The pictures in the listing below are to be skipped, while the lines between the line holding "Mythosschwarz metallic Gebraucht" and the line holding "Ag The Farrah Anke Skinny Jeans", inclusive, are to be output exactly.

>>>>>

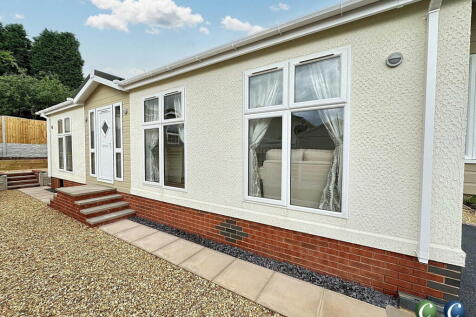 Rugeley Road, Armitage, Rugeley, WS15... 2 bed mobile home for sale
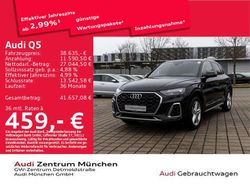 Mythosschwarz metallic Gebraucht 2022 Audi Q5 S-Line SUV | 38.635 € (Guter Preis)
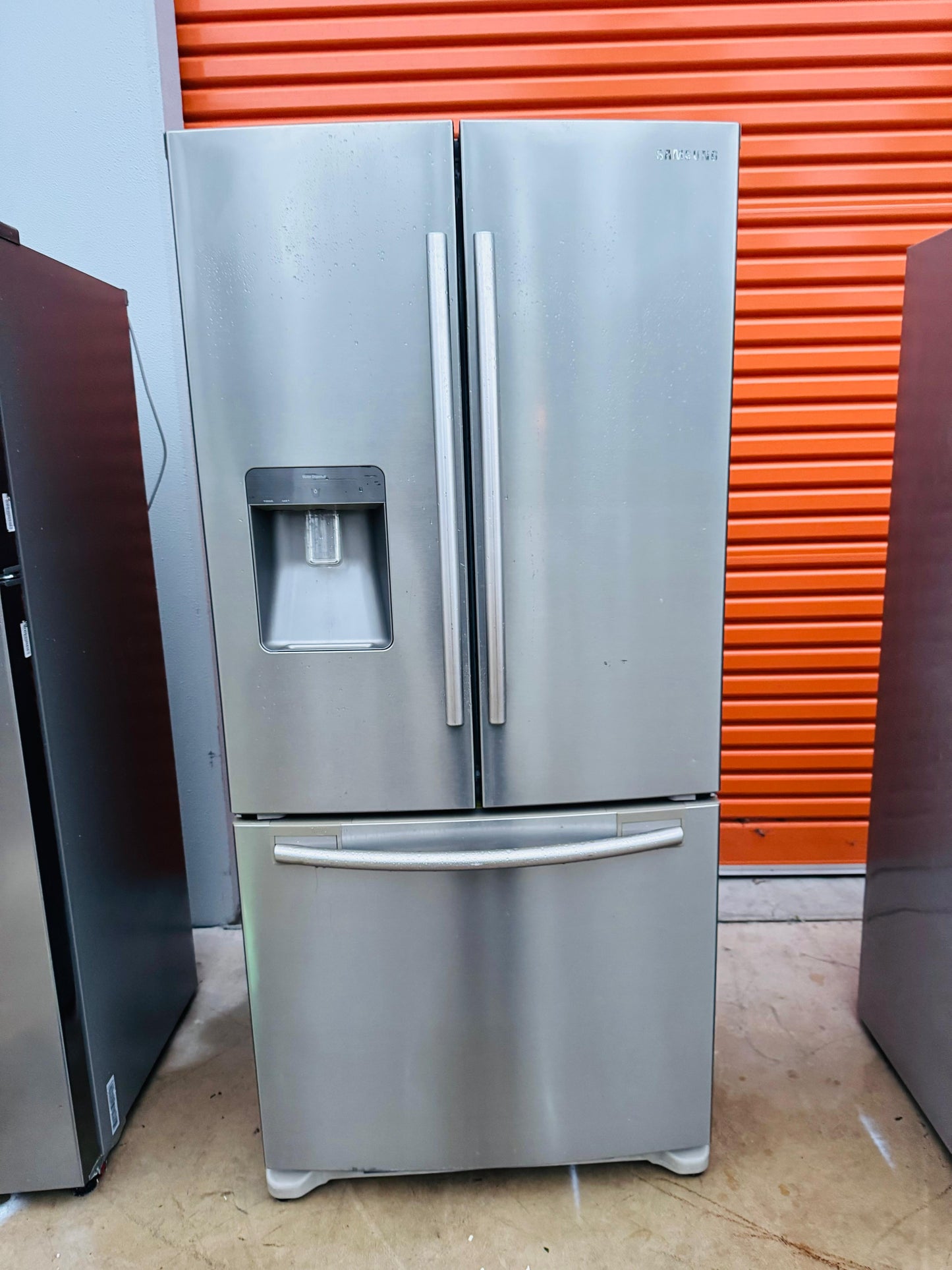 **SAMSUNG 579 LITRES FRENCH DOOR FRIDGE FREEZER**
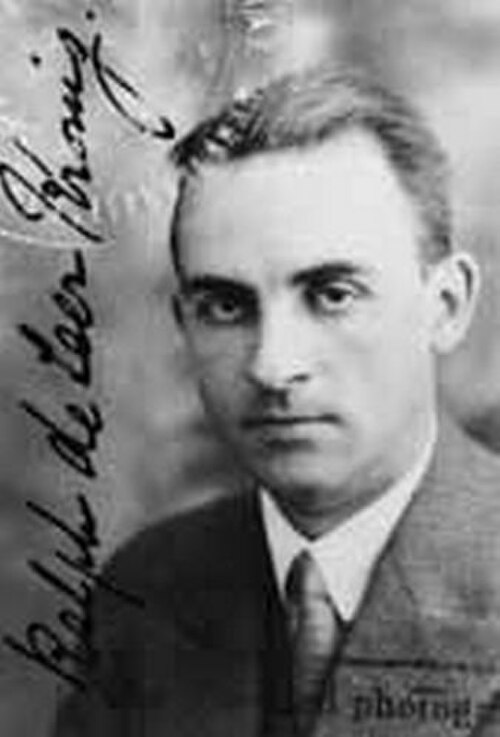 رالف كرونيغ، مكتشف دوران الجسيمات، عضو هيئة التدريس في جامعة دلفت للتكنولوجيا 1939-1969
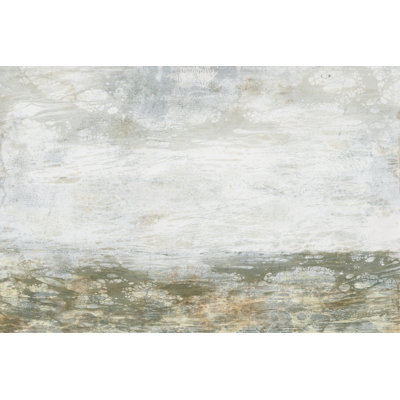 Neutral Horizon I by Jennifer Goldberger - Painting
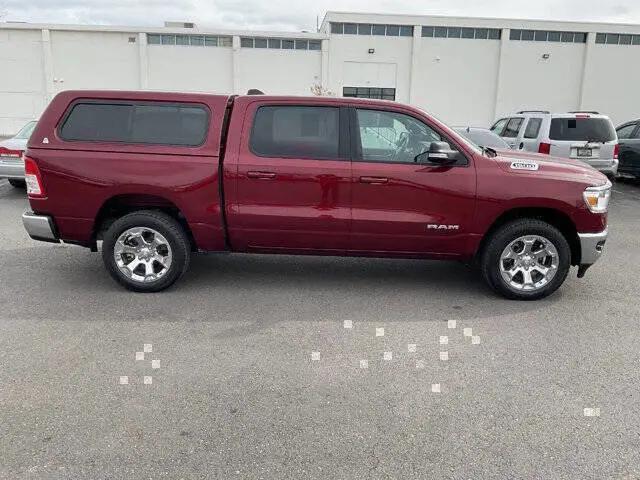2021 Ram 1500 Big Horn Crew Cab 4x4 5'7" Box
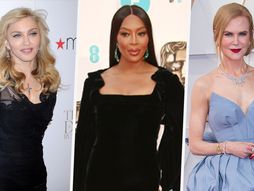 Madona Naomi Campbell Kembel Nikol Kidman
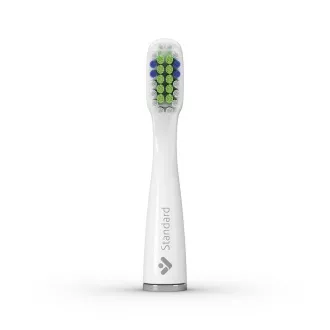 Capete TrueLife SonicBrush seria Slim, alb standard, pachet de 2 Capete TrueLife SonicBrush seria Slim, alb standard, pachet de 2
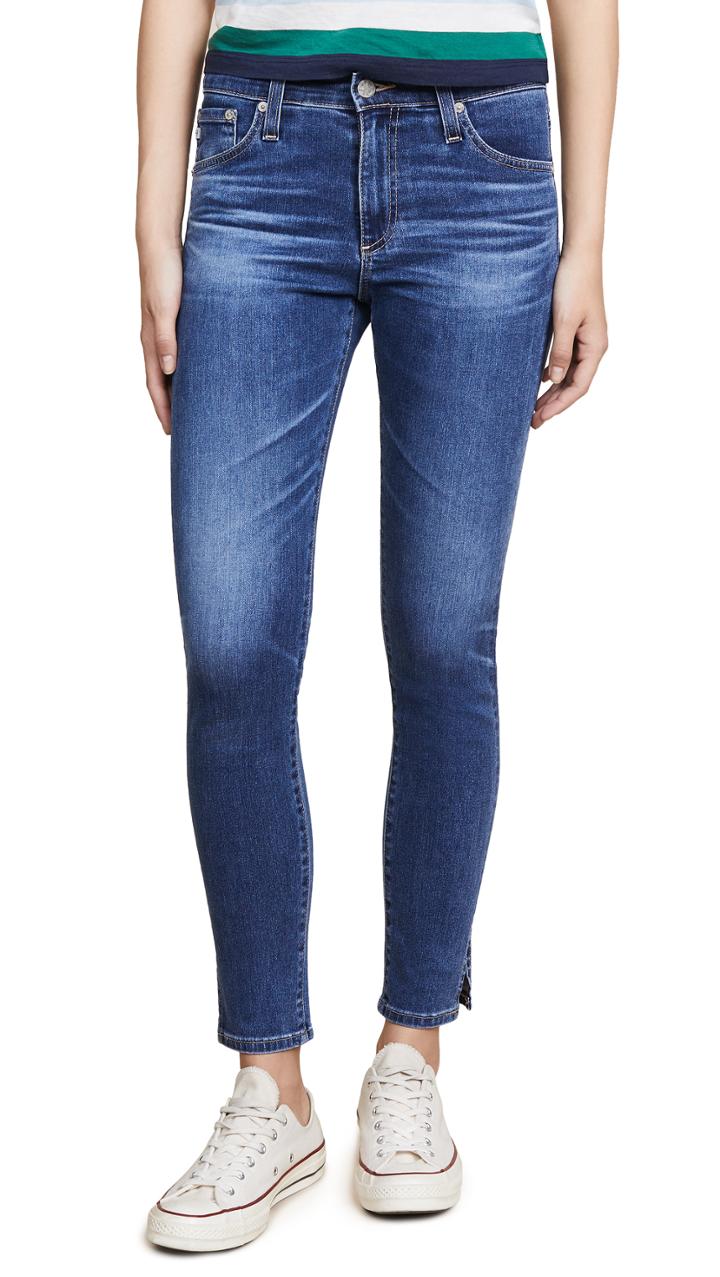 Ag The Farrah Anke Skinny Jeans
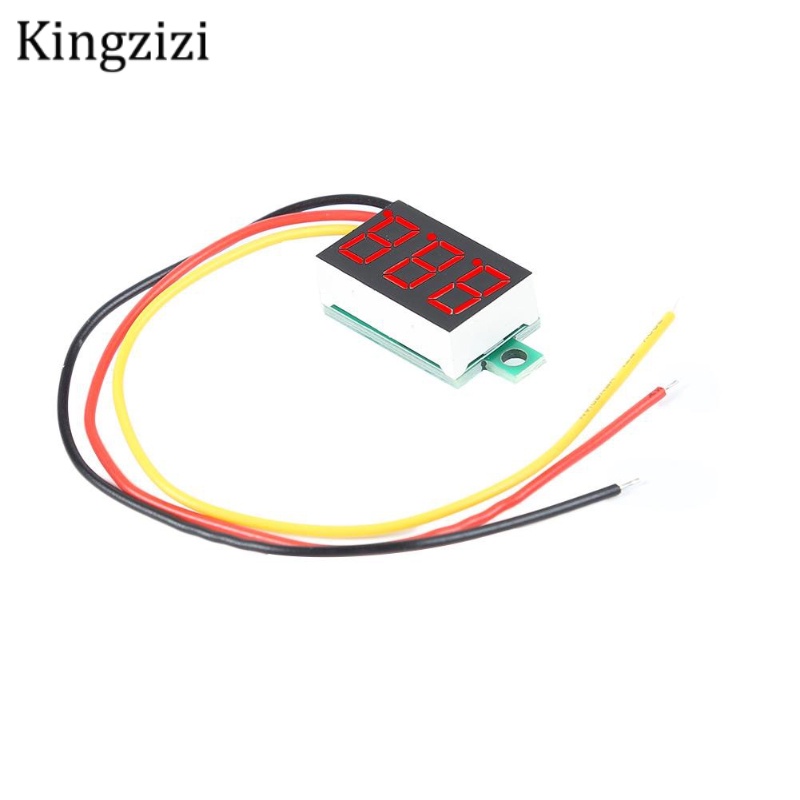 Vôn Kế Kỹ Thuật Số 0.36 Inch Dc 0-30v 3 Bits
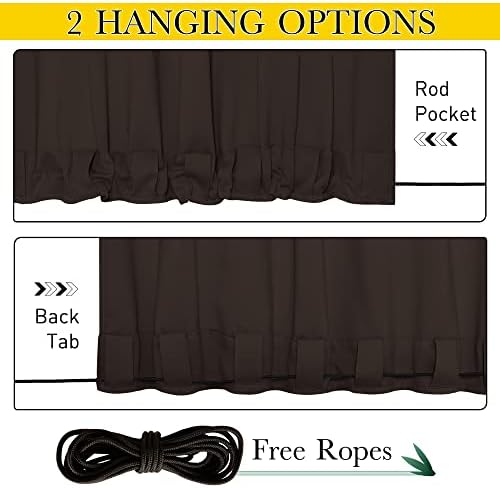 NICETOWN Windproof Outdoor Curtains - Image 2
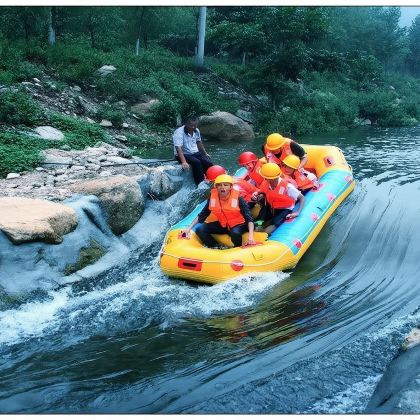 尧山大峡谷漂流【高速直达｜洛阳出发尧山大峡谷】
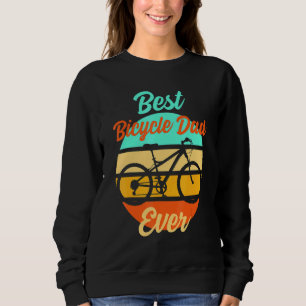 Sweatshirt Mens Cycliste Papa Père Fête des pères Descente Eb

<<<<<

OUTPUT BELOW:
 Mythosschwarz metallic Gebraucht 2022 Audi Q5 S-Line SUV | 38.635 € (Guter Preis)
 **SAMSUNG 579 LITRES FRENCH DOOR FRIDGE FREEZER**
 رالف كرونيغ، مكتشف دوران الجسيمات، عضو هيئة التدريس في جامعة دلفت للتكنولوجيا 1939-1969
 Neutral Horizon I by Jennifer Goldberger - Painting
2021 Ram 1500 Big Horn Crew Cab 4x4 5'7" Box
 Madona Naomi Campbell Kembel Nikol Kidman
 Capete TrueLife SonicBrush seria Slim, alb standard, pachet de 2 Capete TrueLife SonicBrush seria Slim, alb standard, pachet de 2
 Ag The Farrah Anke Skinny Jeans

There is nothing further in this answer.